Randy Bowling, owner, Bowling Motors & RV Sales
“I go to Manheim, which just moved its auction from Springfield, Mo., to Kansas City. I also go to ADESA’s Cincinnati-Dayton auction just about every month, except in the winter months.
“Auctions give you inventory when you need it, which is the most important thing for me, because April and May and June and July are the peak selling months for us, and to have that adequate inventory enables you to have more sales.
“Not everyone can afford new, so auctions give you a good outlet to buy used. We’ve actually implemented a specialty finance department, and people have to purchase 2004s or newer to qualify for bank financing and the price range is usually between $10,000 and $15,000. We are auction purchases of those years and those dollar amounts. The auctions give us just-in-time inventory; typically, it’s stuff that people are looking for. It’s hard to trade for something specific, but you’ll buy something specific if you have that availability.
“I think the inventories are shrinking at the auctions. Back in 2007 and 2008, auctions were really dominant with inventory because of all the repossessions and all the bank units, but you don’t see as many of those these days. The motorhome selection is down, and the quality of motorhomes is down as far as the conditions and the shape of the vehicles. But prices are down on motorhomes, too, which doesn’t make sense; if inventories are low, you would think that prices would be higher.
“Motorhome sales have been soft for us this year. We bought a bunch of diesel pushers back in January, and we are still sitting on a lot of that inventory.
“When you are dealing with used, it’s hard to go to an auction and be specific; you don’t want to say: ‘Do you have a 34-foot Montana in a 2007 or 2008?’ because the chances of finding that are usually slim and none. I try to go to an auction a day early, and try to go into every unit there, and make notes so that I know exactly what’s there. What I want to buy are late-model units that are clean and that I can retail without having to fix a lot of problems.
“I have traveled to Florida for auctions and I used to go to Arizona.

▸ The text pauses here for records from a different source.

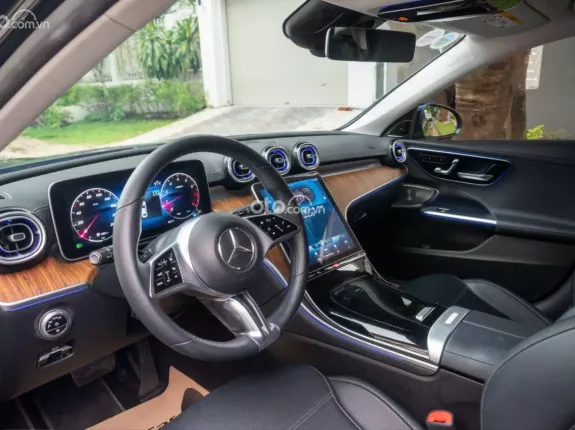 Mercedes-Benz C200 Avantgarde Plus 2022 - Mercedes C200 Avantgarde Plus V1 Black Edition cực đẹp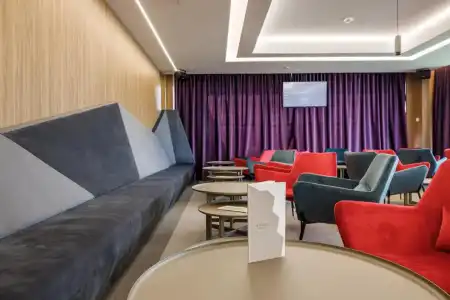 Qosmo Brasov - 16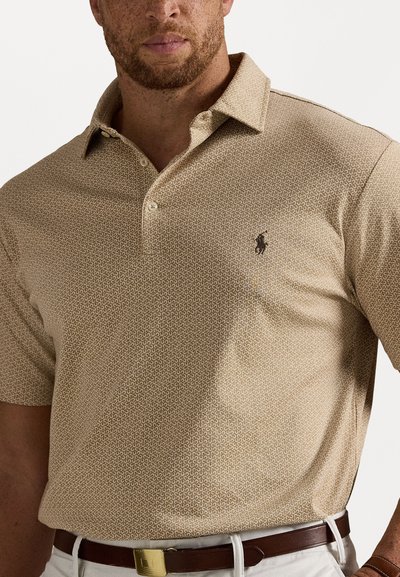Cămașă polo bej cu un model subtil, mâneci scurte și guler. Logo-ul brodat notabil pe piept și o croială clasică.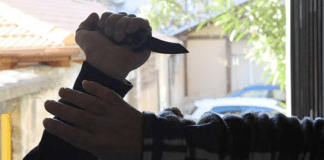 Giovane immigrato colpito da una coltellata al petto: “Sono stati due sconosciuti!”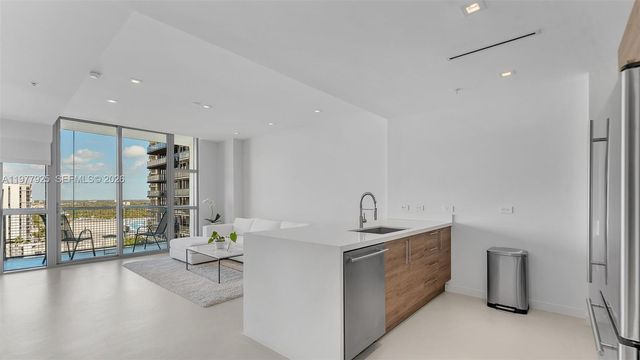 3301 NE 1st Ave H1711, Miami, FL 33137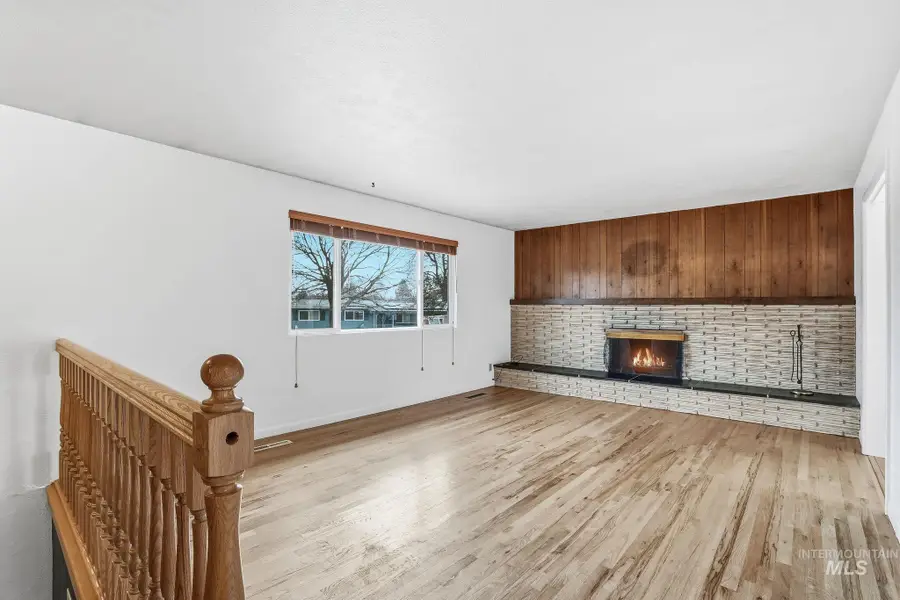 7013 W Rosewood Dr, Boise, ID 83709 - Image #3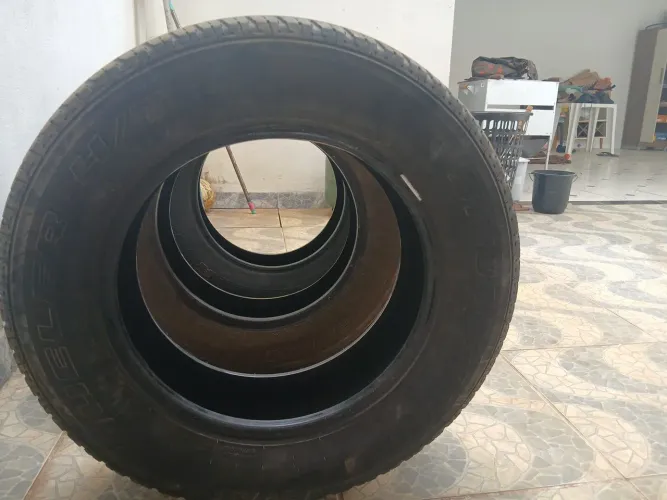 3 Pneus usados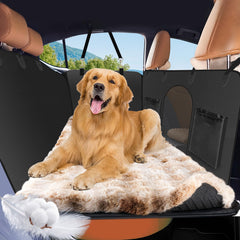 Cama HOTYPXQ para perro en asiento trasero, descanso seguro durante el viaje.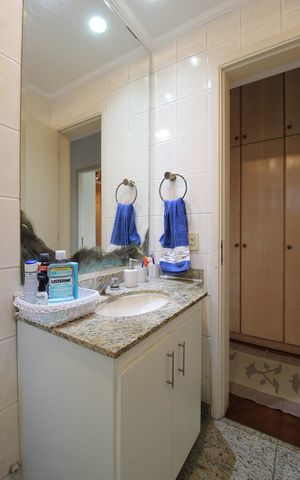 Apartamento à venda com 103m², 3 quartos e 2 vagasBanheiro Social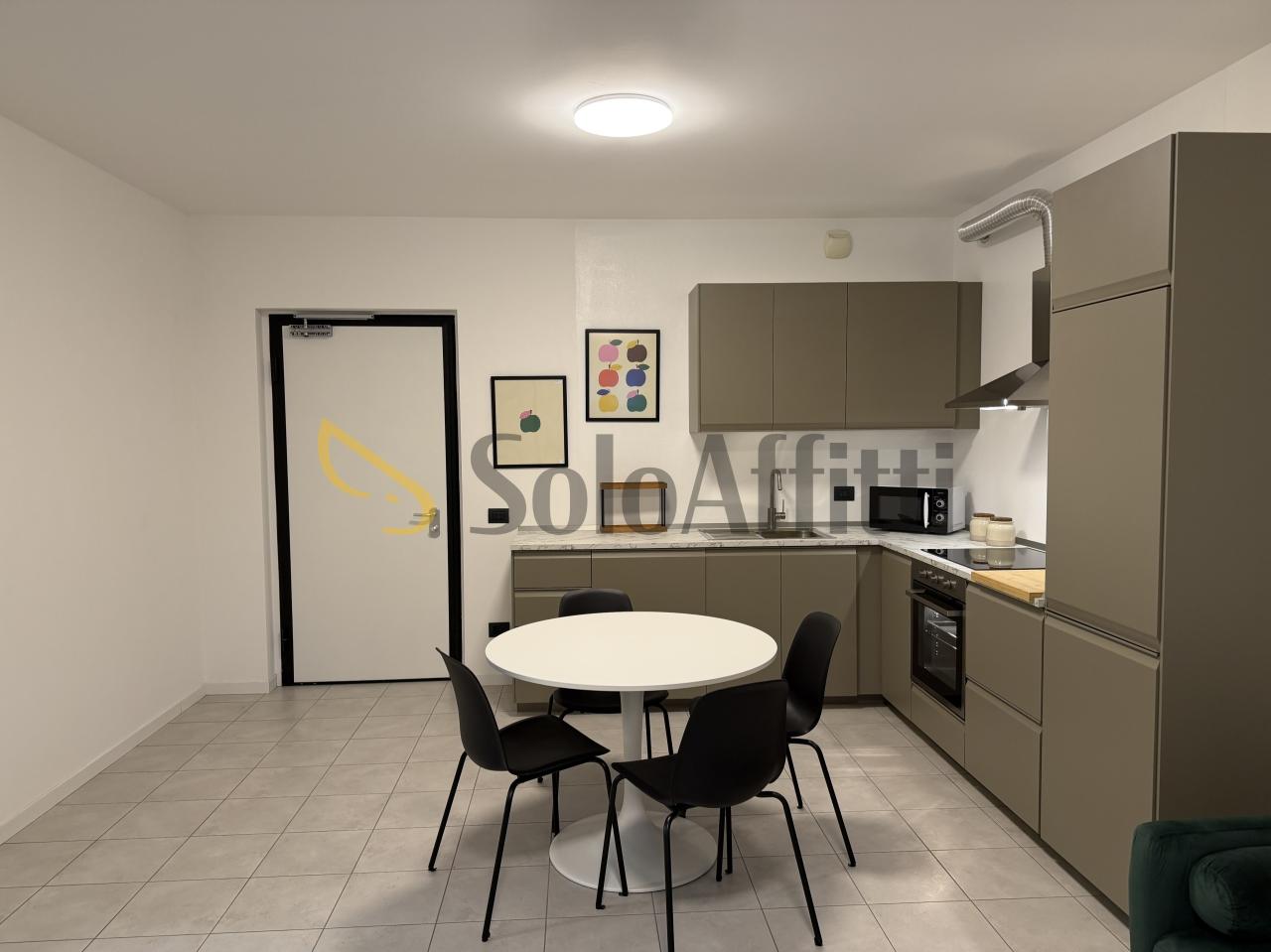 Renta Appartamento, Caronno Pertusella foto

Florida has more motorized products and a better selection.
“I have purchased some units online, but you can’t smell dogs, cats and cigarette smoke online. It is ‘buyer beware’ online. I think it’s nice that they have that service, but there are more chances for problems. … Condition reports are helpful, but you really need to look the units over; campers are a lot different than cars because people live in them and have their pets in them.
“ADESA is opening a new auction in New York, and that sounds like it will be good. I don’t know if I get there or not in the near future, but it’s a possibility.

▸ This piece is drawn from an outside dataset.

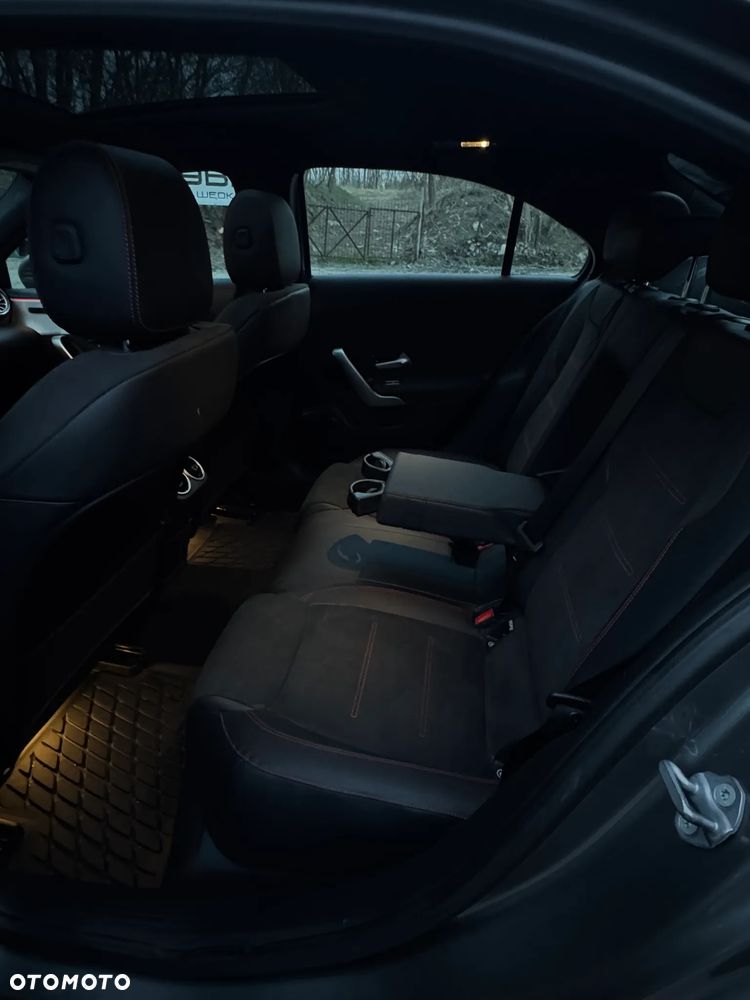 Mercedes-Benz Klasa A 220 4Matic 7G-DCT AMG Line - 17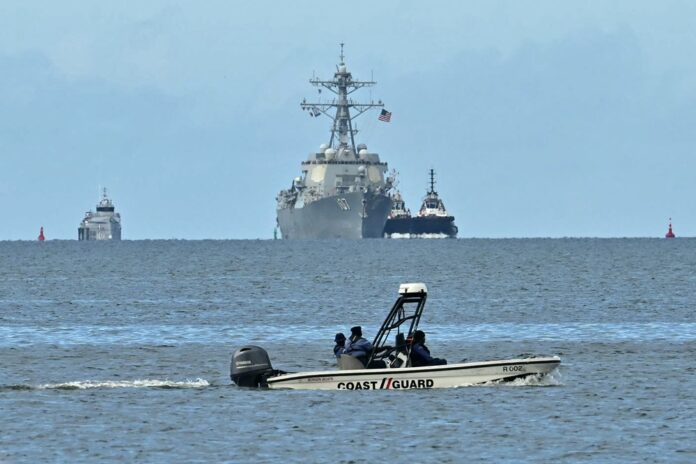 navio-de-guerra-dos-eua-chega-a-trinidad-e-tobago,-em-frente-a-venezuela navio-de-guerra-dos-eua-chega-a-trinidad-e-tobago,-em-frente-a-venezuela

“Both ADESA and Manheim do a pretty good job of managing the inventory and getting the inventory online. Conditions reports could be better, but there’s always going to be something that they missed or I missed. They tend to be given the general descriptions of water damage and carpet stain, even when they are not, just because they don’t want to get in a bind for missing something. That makes it harder to buy units online, although there are people who do it; there are a lot of online shoppers.
“The Cincinnati/Dayton auction attracts Texas dealers, Louisiana dealers, and those from Arkansas, Illinois, Missouri, Ohio and Indiana. I think the sale in Dallas, which would be closer for many of those from the South, has higher prices. The quality also may be better in the Midwest because you aren’t going to have the sun fade.

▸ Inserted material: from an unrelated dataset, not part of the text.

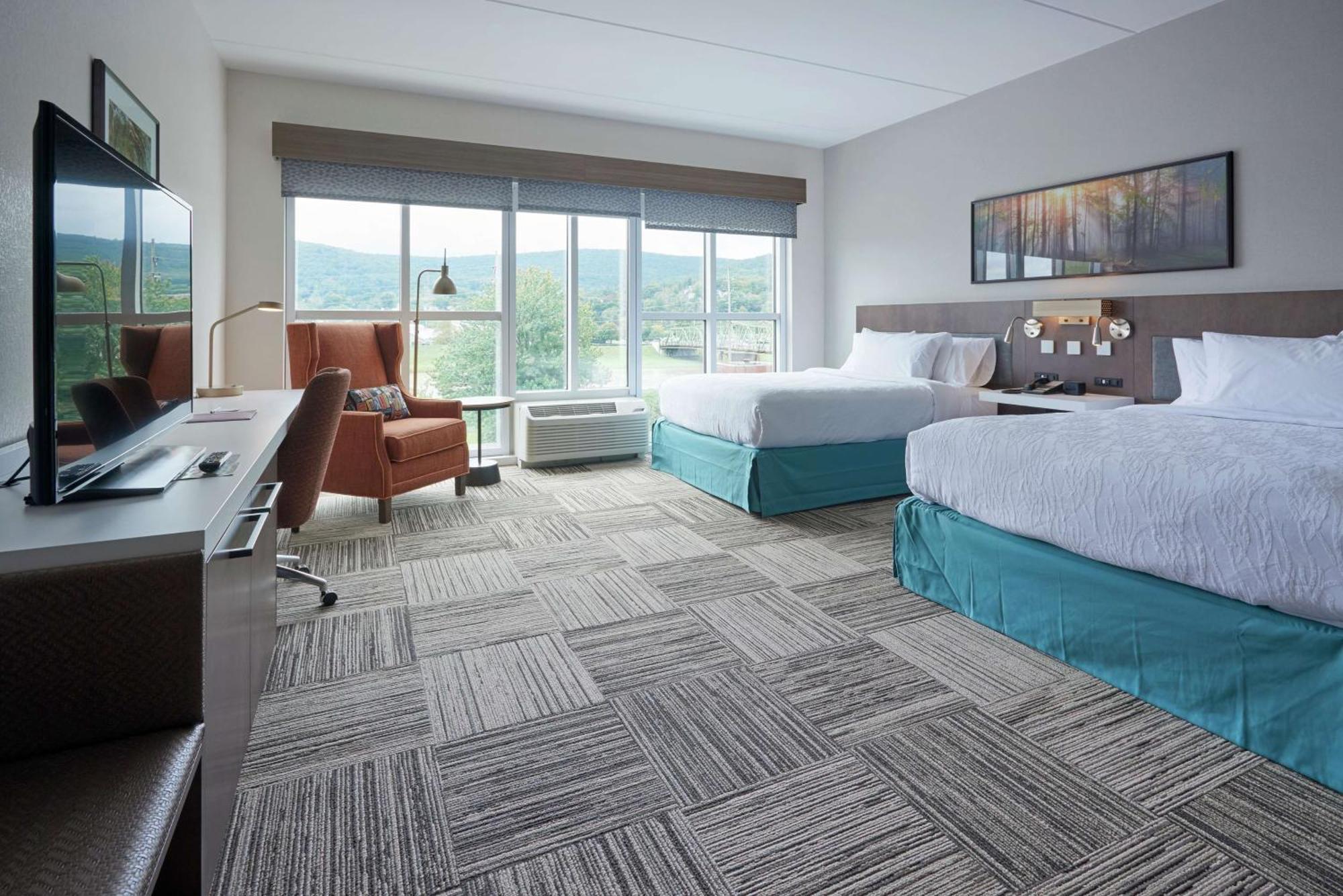 Hilton Garden Inn Corning Downtown Ngoại thất bức ảnh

“I’ve been told the prices at Manheim auction in Florida in Lakeland and the prices at the independent auction in Greenville, S.C., are both dropping and the prices are more like what you’ll find in the Midwest.
“My advice to other dealers would be: Visit an auction or two in your area, and see what prices the units are bringing. Experiment a little before committing to attend auctions. Auctions help your turn, your bottom line and your profitability.”
“I’m a fan of auctions. We have a small dealership, and I don’t go to a lot of different places because I have a family, but we do find good deals when we attend auctions.”